Problem details: Output the entries that follow character for character. Leave every image out.

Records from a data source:
= = = = =
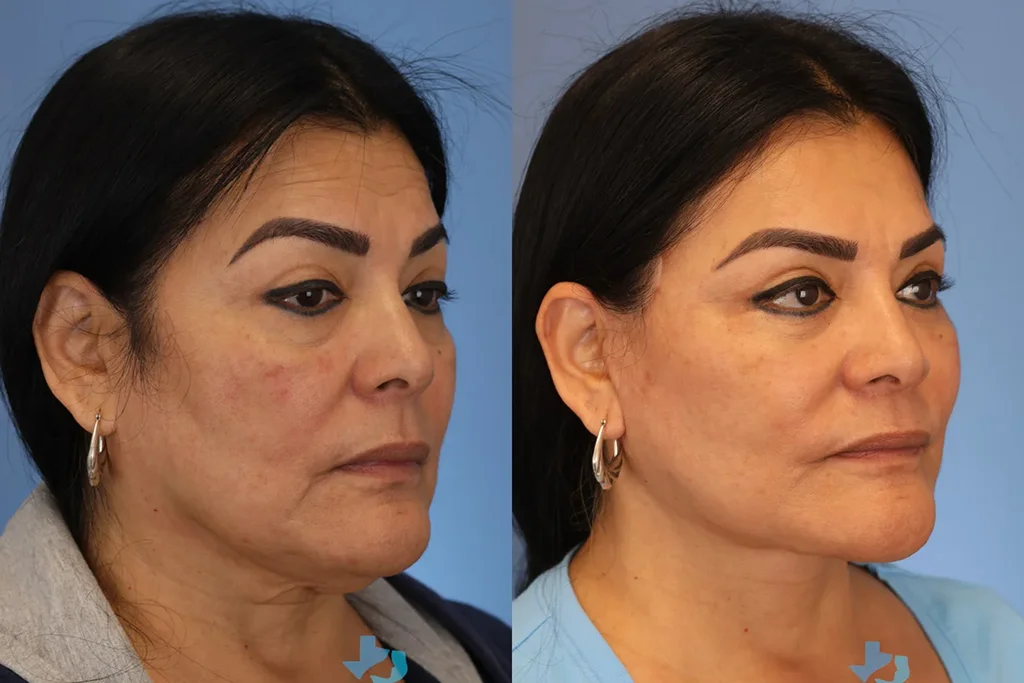 facelift 2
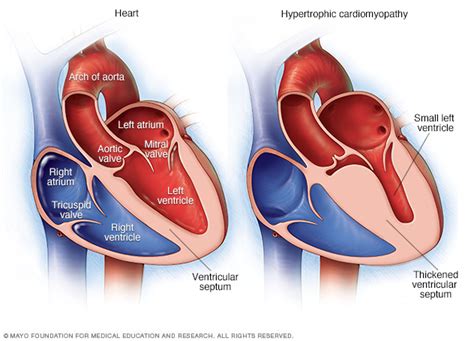 Cardiomyopathy Disease Reference Guide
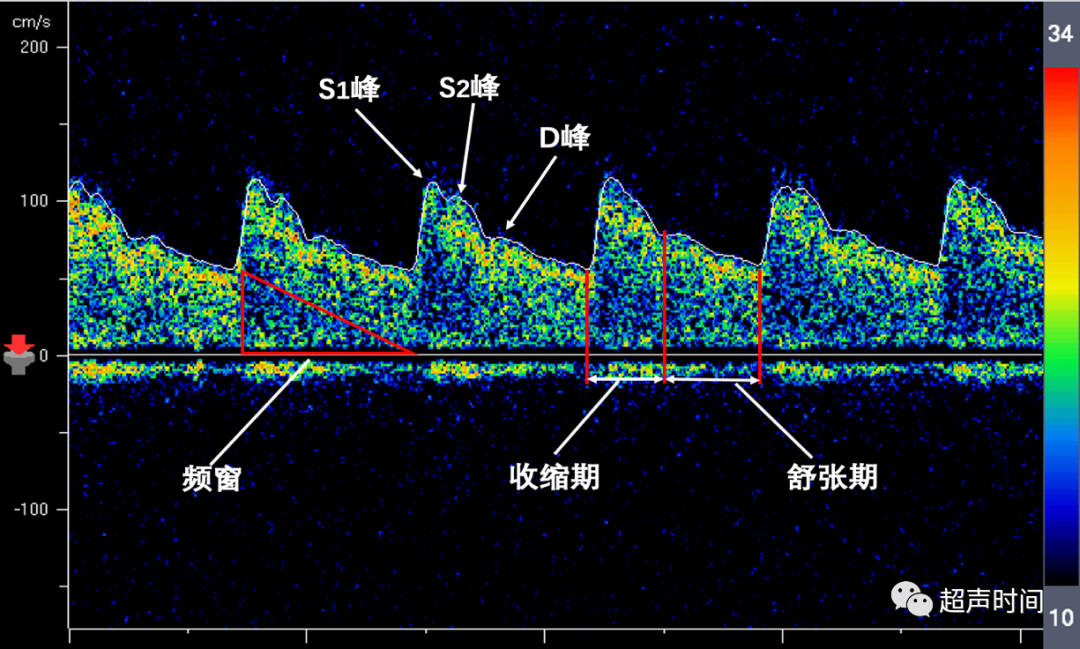 TCD怎么切换探头【血管超声】经颅多普勒（TCD）基础知识及临床应用_https://www.jmylbn.com_新闻资讯_第26张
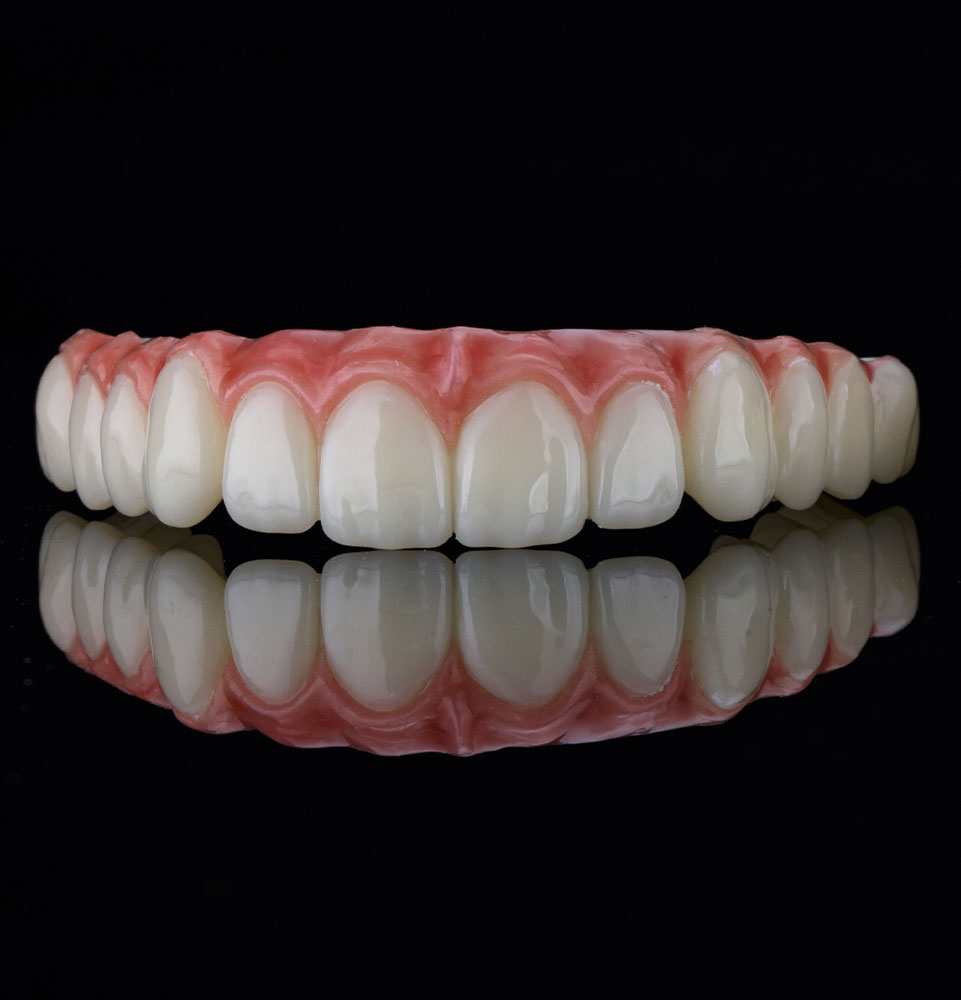 full arch dental implant real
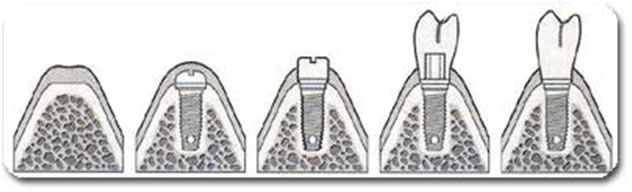 همه چیز در مورد دندانپزشکی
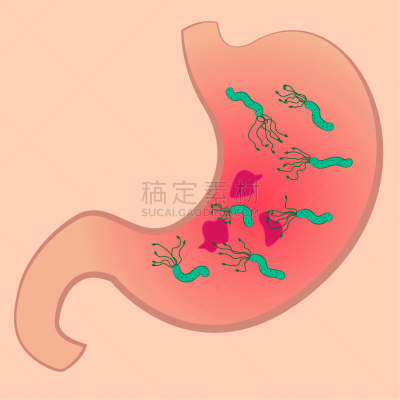 幽门螺旋杆菌,症状,寄生虫感染,簇叶从生的,图像,矢量,天然气,细菌,硫磺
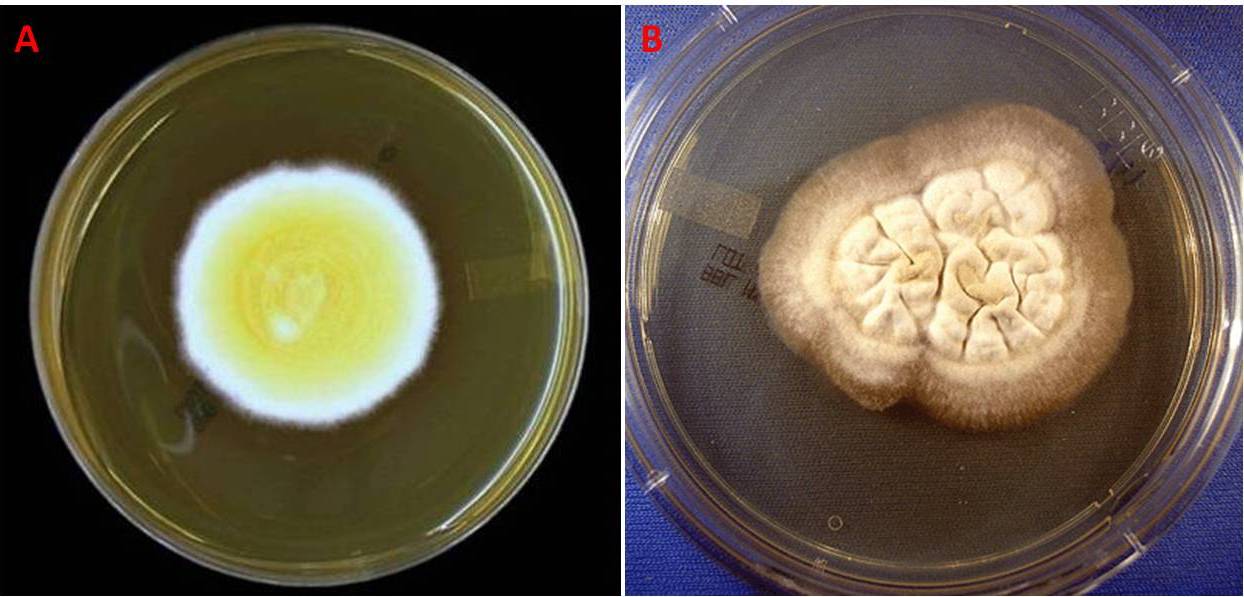 Figura 3 – Colonie di B. dermatitidis su agar Sabouraud, dall’aspetto soffice (A) e glabro (B)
= = = = =
Task solution:
 facelift 2
 Cardiomyopathy Disease Reference Guide
 TCD怎么切换探头【血管超声】经颅多普勒（TCD）基础知识及临床应用_https://www.jmylbn.com_新闻资讯_第26张
 full arch dental implant real
 همه چیز در مورد دندانپزشکی
 幽门螺旋杆菌,症状,寄生虫感染,簇叶从生的,图像,矢量,天然气,细菌,硫磺
 Figura 3 – Colonie di B. dermatitidis su agar Sabouraud, dall’aspetto soffice (A) e glabro (B)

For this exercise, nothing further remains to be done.